Rex Tillerson and James Mattis will be in Sydney on Monday for AUSMIN (the Australia – United States Ministerial Consultations) with their Australian counterparts Julie Bishop and Marise Payne. Priorities for discussion at Kirribilli House: China’s role in Asia, North Korea’s growing nuclear capabilities, ISIS, Iraq, Syria and Afghanistan as well as US-Australia cooperation in South East Asia and the Pacific.
AUSMIN is always a valuable opportunity for Australia to influence many of the key foreign and defence policy players in the US government, but this year’s iteration is even more important than usual.
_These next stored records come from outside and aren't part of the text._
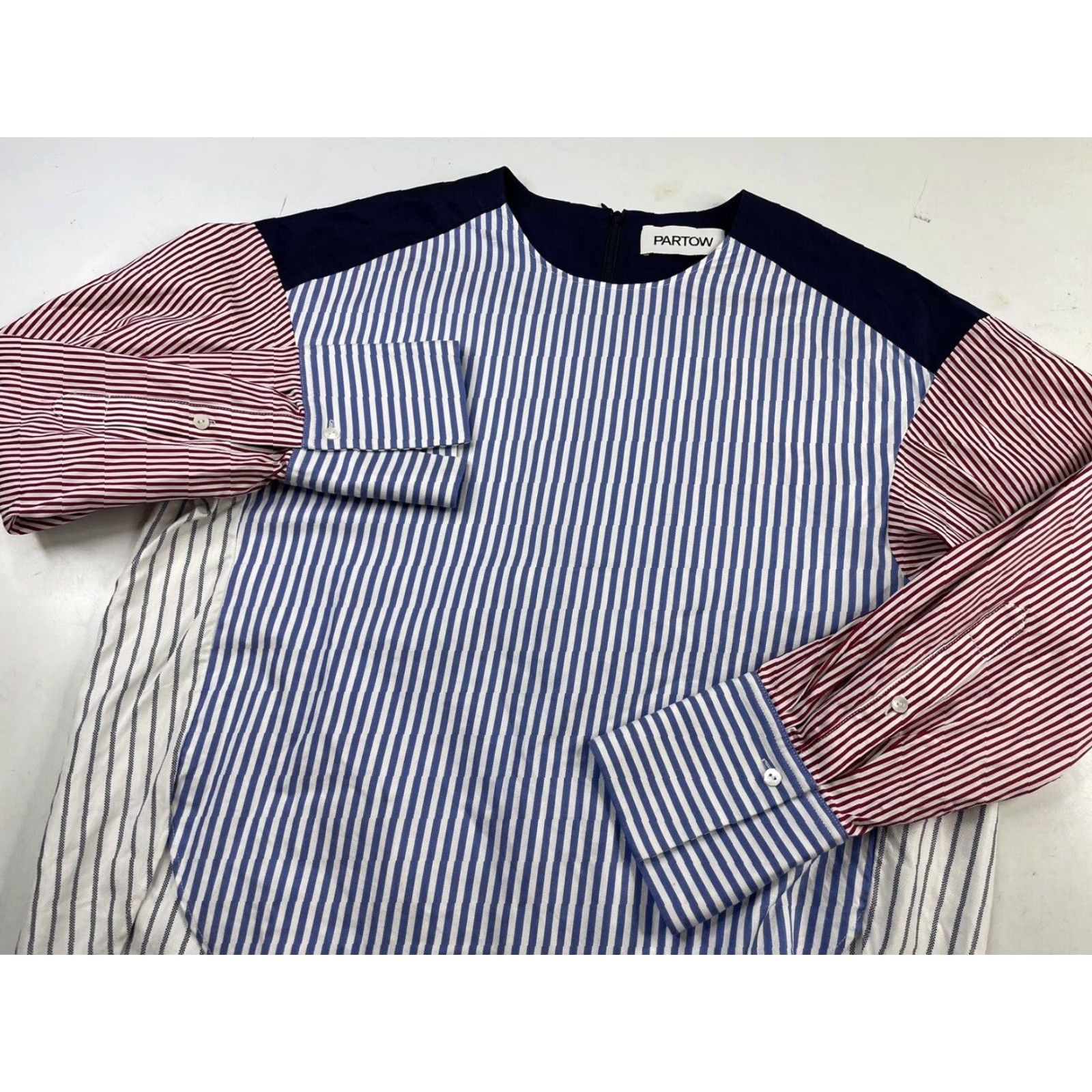 Partow Partow Shirt Women’s 6 Multicolor Striped Patchwork Blouse USA 100% Cotton Womens Size M / US 6-8 / IT 42-44 - 2 Thumbnail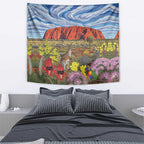 Australia Uluru Ayers Rock Tapestry Native Animals Flowers Oil Paint Draw - Aussie Hoodie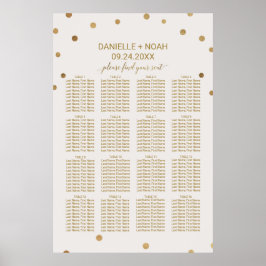 Gold Polka Dots Hochzeitskarte Poster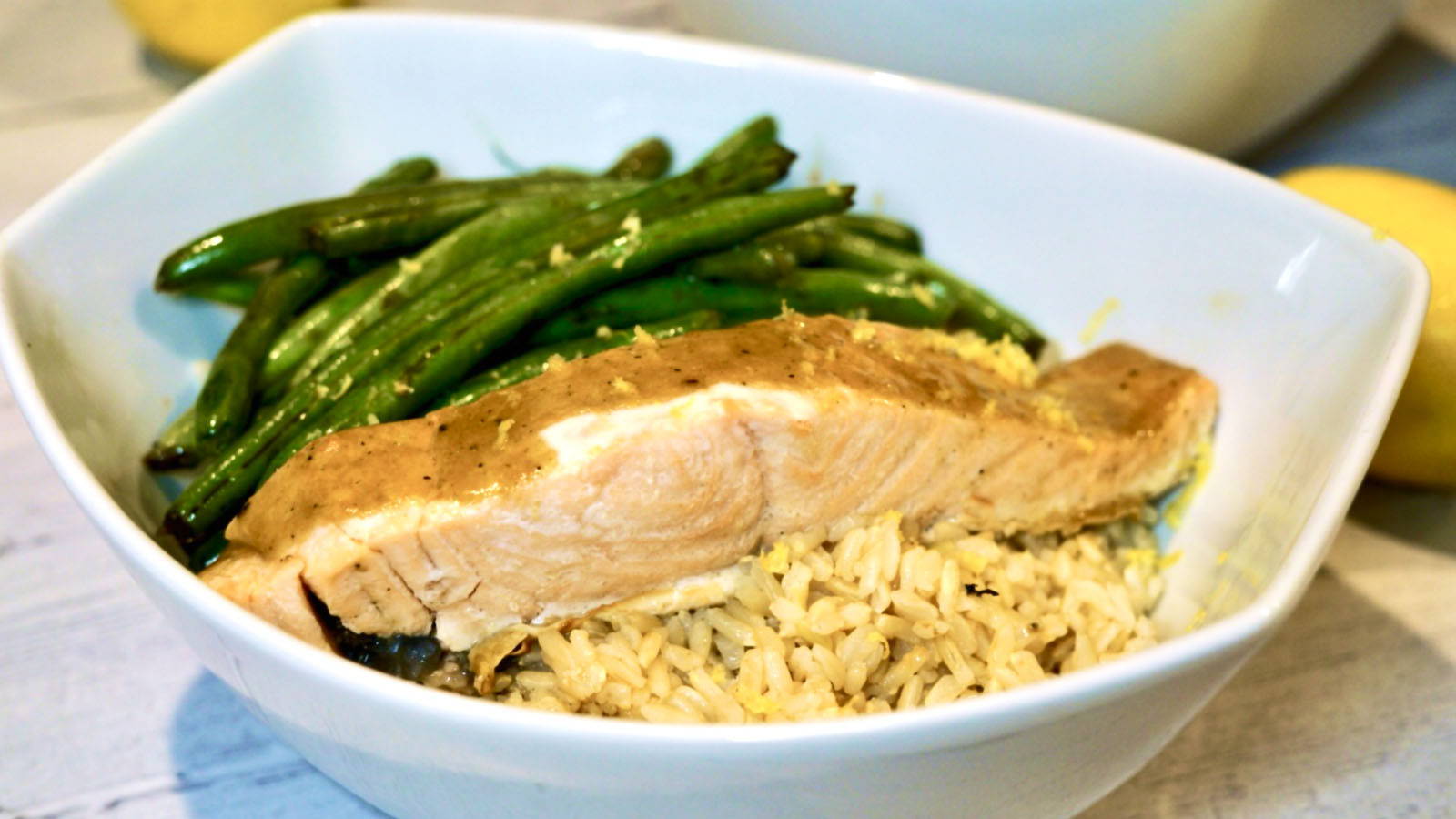 Gourmend recipe for low fodmap Dijon roasted salmon with balsamic green beans and brown rice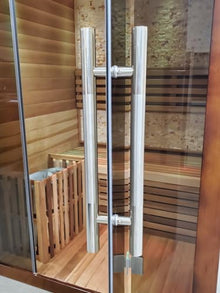 MCP-Distributions Canadian Red Cedar Wood Swedish Indoor Traditional Wet/Dry 1-2 Person Sauna SPA with 6KW 200F Heater and Rocks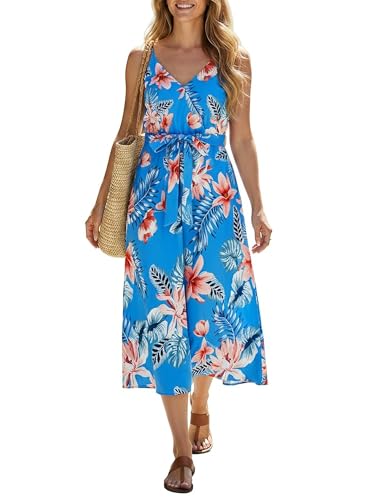 Image of PATPAT Family Matching Outfits Mommy and Me Dresses Hawaiian Tropical Vacation Beach Spaghetti Strap Dress and Shirt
It is the first AUSMIN with the Trump administration’s Secretaries of State and Defense, and comes almost two years after former Secretary of State John Kerry hosted Bishop and Payne in Boston in 2015.
This year’s AUSMIN follows a high tempo of political-level meetings between Australia and the United States in 2017, including Senator John McCain’s visit to Australia and Alliance 21 Lecture last Tuesday, the Trump-Turnbull meeting at the Battle of the Coral Sea commemoration in New York in early May, and Vice President Pence’s trip to Sydney in April.
AUSMIN will take place against a backdrop of uncertainty over US Asia policy and growing regional tensions.
But AUSMIN will likely be the most substantive Australian engagement with the Trump administration thus far. Prime Minister Turnbull’s meetings with both Trump and Pence were relatively short, get-to-know-you affairs, whereas AUSMIN is a day-long series of formal discussions on key regional and global issues. The US delegation to AUSMIN includes not just Mattis and Tillerson, but also the Chairman of the Joint Chiefs of Staff, General Joseph F. Dunford and Commander of the US Pacific Command, Admiral Harry Harris.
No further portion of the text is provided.